Not even sure where to start on this one… I guess a brief background is a good place. So I have a 6yr old boy, his mum & I are divorced, splitting up when he was 3. I’ve been with my current partner 2 and a bit years and we have a 5 month old boy together. My 6yr olds mum has a new fella and he’s moved into their flat (our old marital home). The arrangement we had for the past 3 years has been me having my 6yr old every other weekend, from Friday after school until he’s dropped home Sunday night. That was all working fine up until last xmas. My ex and my partner hate each other (my ex tried to split us up buy claiming i'd slept with her whilst with my current gf, and I hadn't), so as a result, since then, we have no real direct communication – everything goes via her sister or my mum and we haven’t been face to face for years.

My current partner’s nephew is also 6 and him and my boy get on great. So one night, I was at home with the 2 boys and the other boys dad. They were watching a dvd upstairs in one of the bedrooms. We were checking up on them every half hour, then about 9.30pm, we split them up and put them to bed (yes it was quite late this night). A month or so later, I was told by my ex wife, that my boy had gone into Sky TV (specifically sky) whilst in this bedroom, and was able to find an adult channel and was watching porn. So much so that he was acting out some sexual positions in front of her and knew the Sky channel number off by heart, This surprises me as I can’t see how it happened. First of all, he would have no idea how to change the source of the TV input from DVD to sky. And then to somehow stumble to a porn channel, and then remember the actual channel number? And (I’m no expert here), but I’m pretty sure adult channels don’t start until 10pm? I looked at this channel number on my friends Sky, it was a channel where callers dial in and speak to a woman who then act all seductive etc… And as it happens, I don’t even have Sky TV, I have Virgin…. But he has Sky TV at his mums house….

My ex wife then told me that unless I get to the bottom of it and sort it out, I’m not allowed to have him. [censored]? What was I supposed to do? Even if I saw he had somehow seen this, what am I supposed to do after the event? She even got social services involved.
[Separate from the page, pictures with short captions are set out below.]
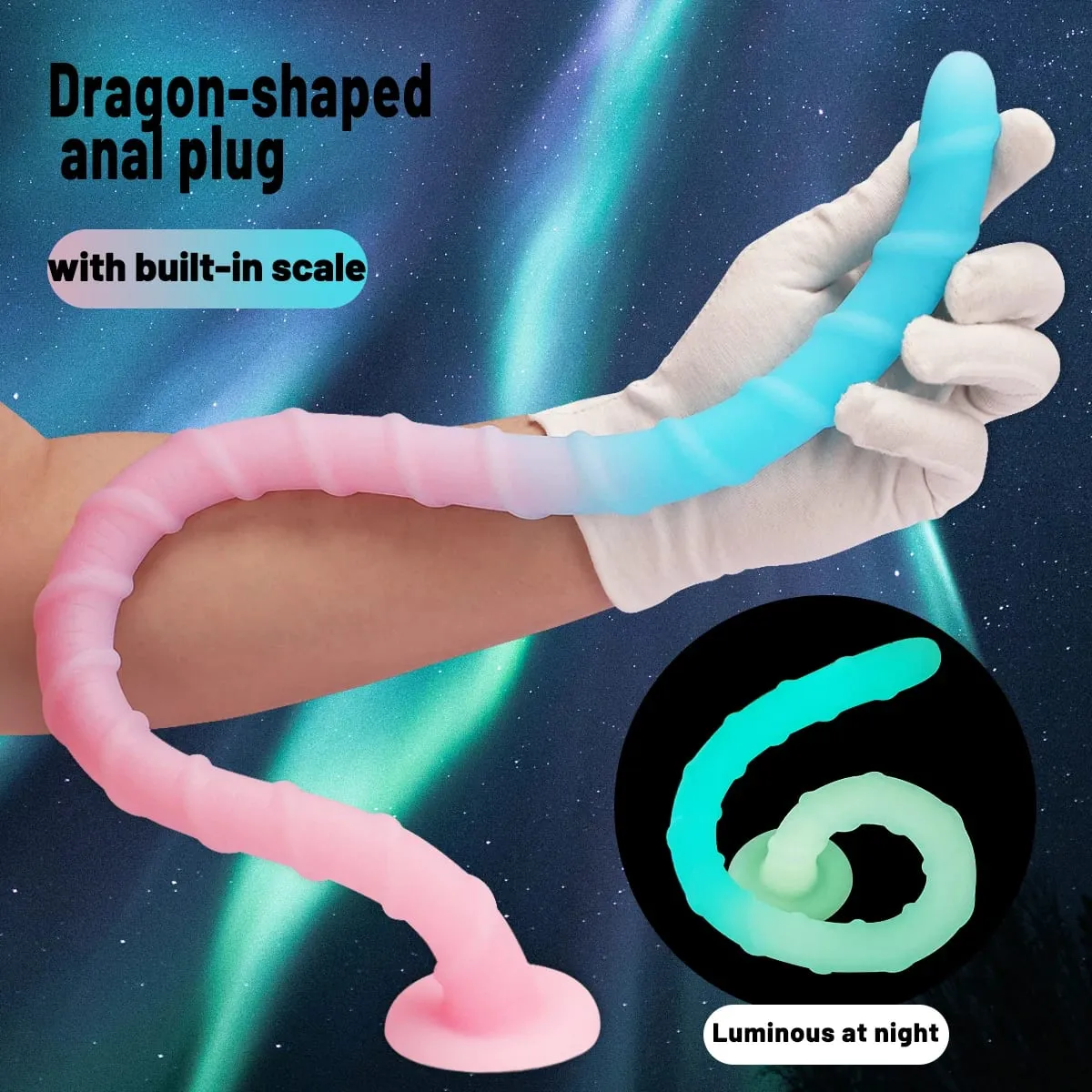 Three Sizes of Long Anal Plugs Special-shaped Octopus Tentacles Soft Adult Sex Toy Liquid Silicone Materials Prostate Stimulator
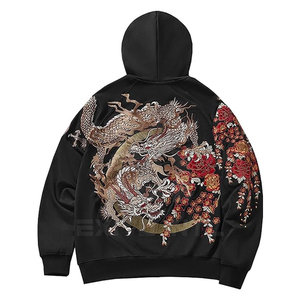 Custom 600 Gsm High Quality Heavy Weight Puff Print <b>Men's</b> 100% Cotton Embroidery Hoodie Sweatshirt - Product Image 2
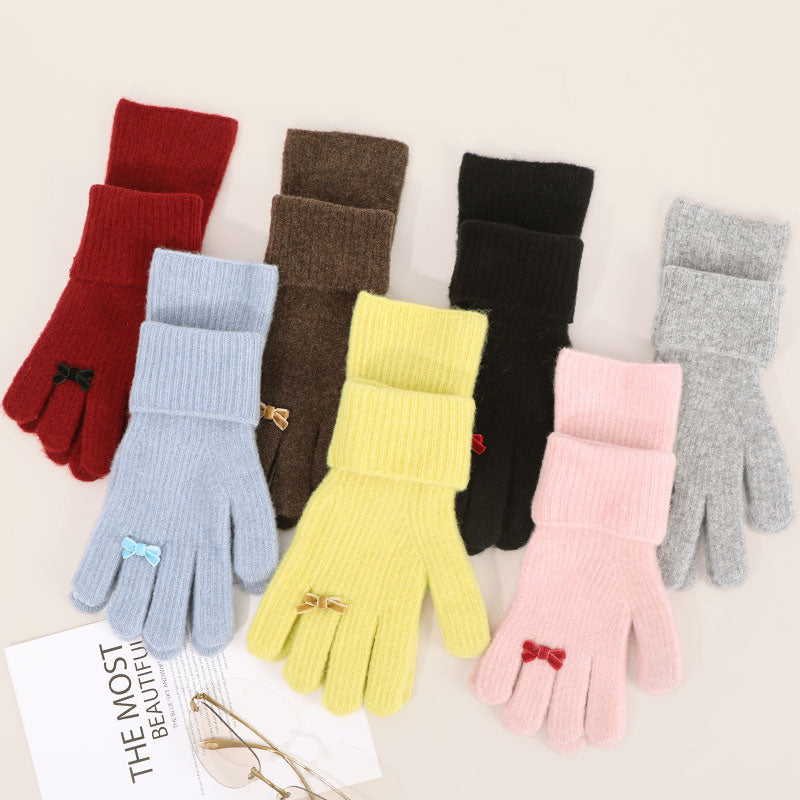 Wool Blend Knit Gloves - DippedShop Wholesale - #8659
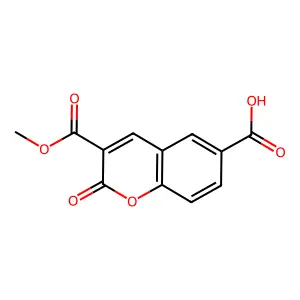 3-Carbomethoxy-6-carboxycoumarin structure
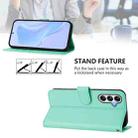 For Samsung Galaxy A14 5G / 4G Skin Feel Solid Color Leather Phone Case with Lanyard(Mint Green) - 3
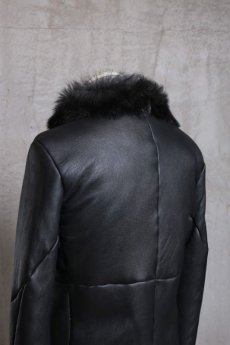 画像9: incarnation / インカネーション /  31791-4690 SHEEP SHEARLING HIGH NECK ZIP BLOUSON SPIRAL ARM (9)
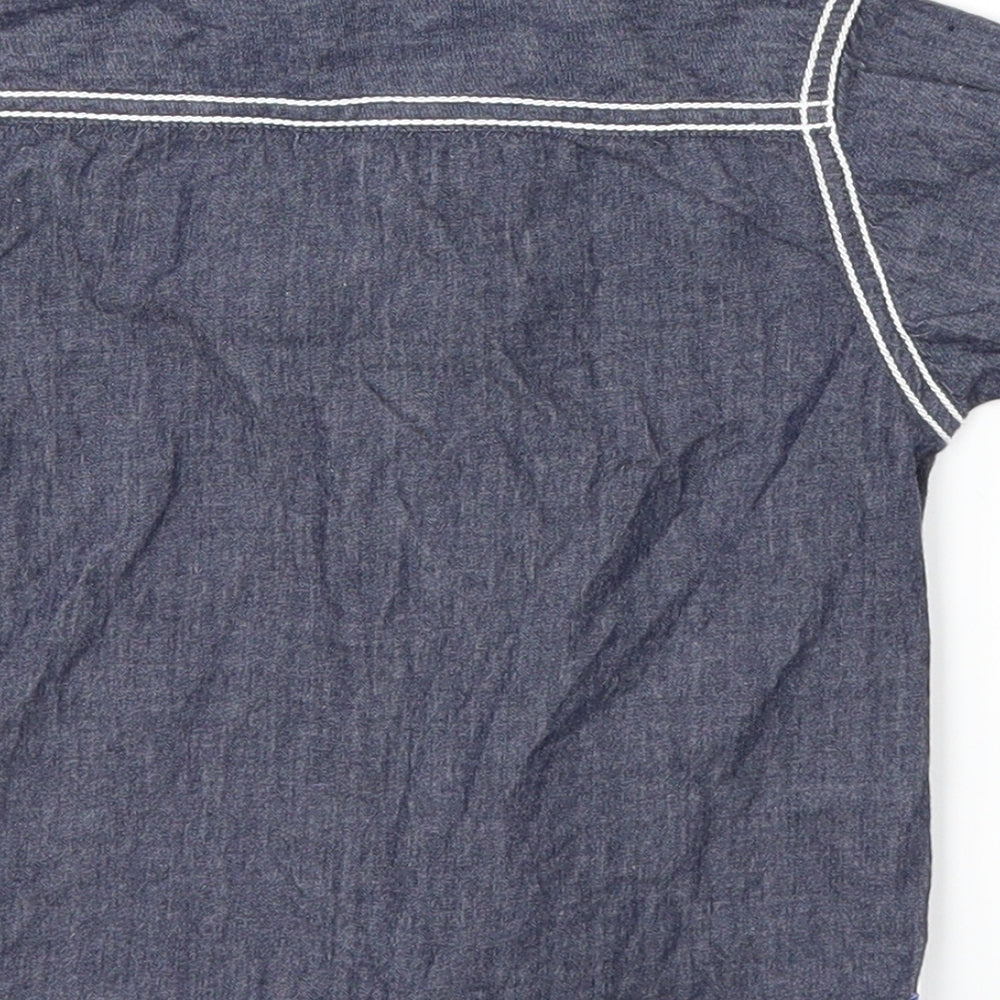 Aarong Boys Blue Basic Button-Up Size 2-3 Years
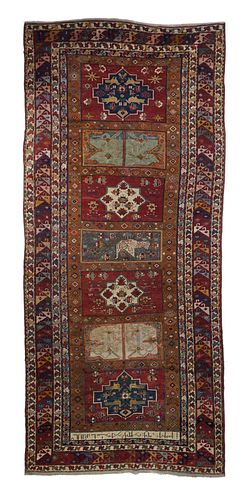 Antique Kazak Long Rug, 5'10'' x 13'8'' ( 1.78 x 4.17 M )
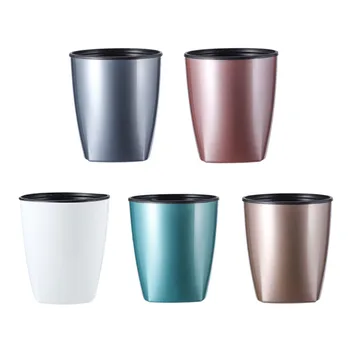 

5pcs Plastic Lazy Flower Pot Creative Gardening Planter Self Watering Plant Holder Water Storage Pot for Home Garden Room
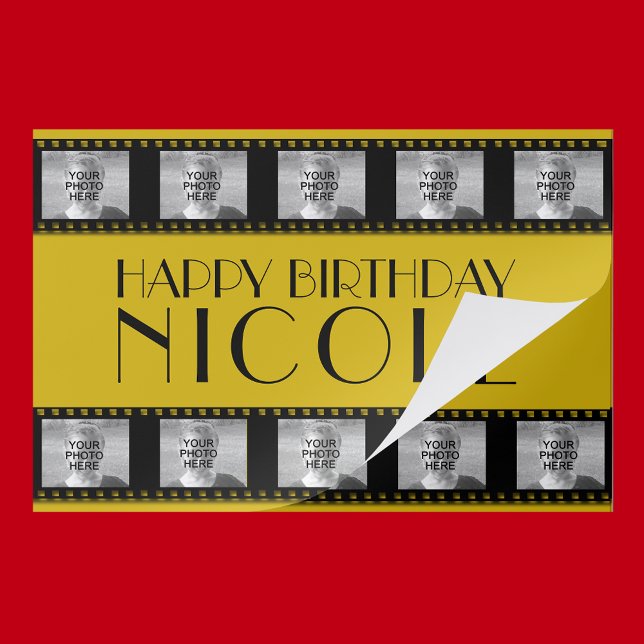 Bloc De Hojas Película Star Birday Tira de papel Placemat Pad (Subido por el creador)
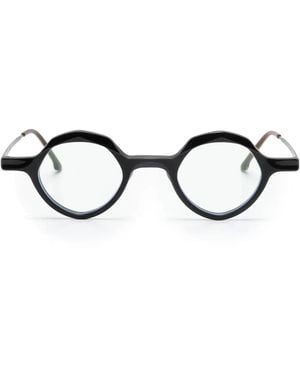 Rigards Rg1094 Round-Frame Glasses - Black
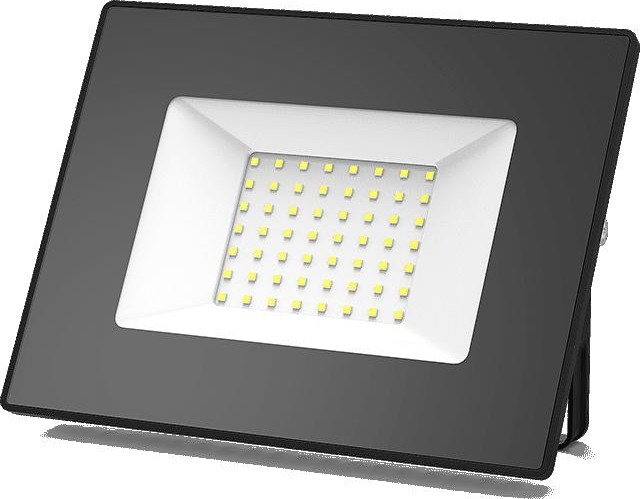 Прожектор GAUSS Elementary 50w 4475lm 4000к 200-240v ip65 черный led 613100250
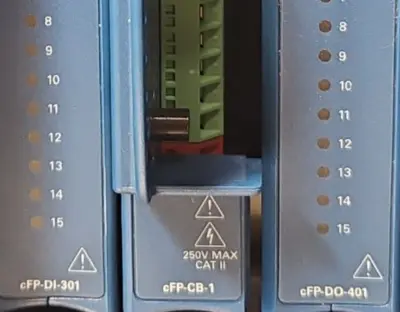 National Instruments cPF-BP-8 /2120/DI-301/CB-1/DO-401/AI-118/AO-210 (BIN325)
Around about the same time as this happening, he was acting up at school. Touching other boys and girls intimate parts and even urinating on another boy in the toilet. Obviously I was concerned and had to go to his school for regular meetings with the headmaster. I didn’t know what to do, and it was compounded by the fact that I wasn’t even allowed to see him to do anything about it. His mum refused to look elsewhere, fully focusing all the blame on me.

It was only 5 months later, in May, that she gradually started to let me have him again during the day only, and then from June, started letting me have him for full weekends. I was over the moon to have him back, get that routine back going again. However, last weekend she refused to let me have him again, saying she’s taking him out the country for a weekend but also that he wasn’t happy with coming to mine, so I can’t have him. How much damage is this causing him? I've since made a court application to get my time with him legal and to take that element of control away from her.

To top it all off, one of the reasons, I firmly believe, that he’s not happy about coming to mine, is my partner. She’s extremely strict. Kinda feel like she doesn't really care about my boy at all and actually prefers when we don't have him. She wants him to be self-sufficient and just play with his toys pretty much the whole time we have him. She will say out loud that there's no point in him having any toys at all if he wont play with him. A few times when I had to pop to the shops, I asked if he wanted to come with, and she’s shot me down, saying (in front of him), that he’s fine playing with his toys and just to go shop quickly. Puts me in a position where I don’t want to argue in front of him, yet don’t want to be undermined in front of him either. But with her, everything turns into an argument.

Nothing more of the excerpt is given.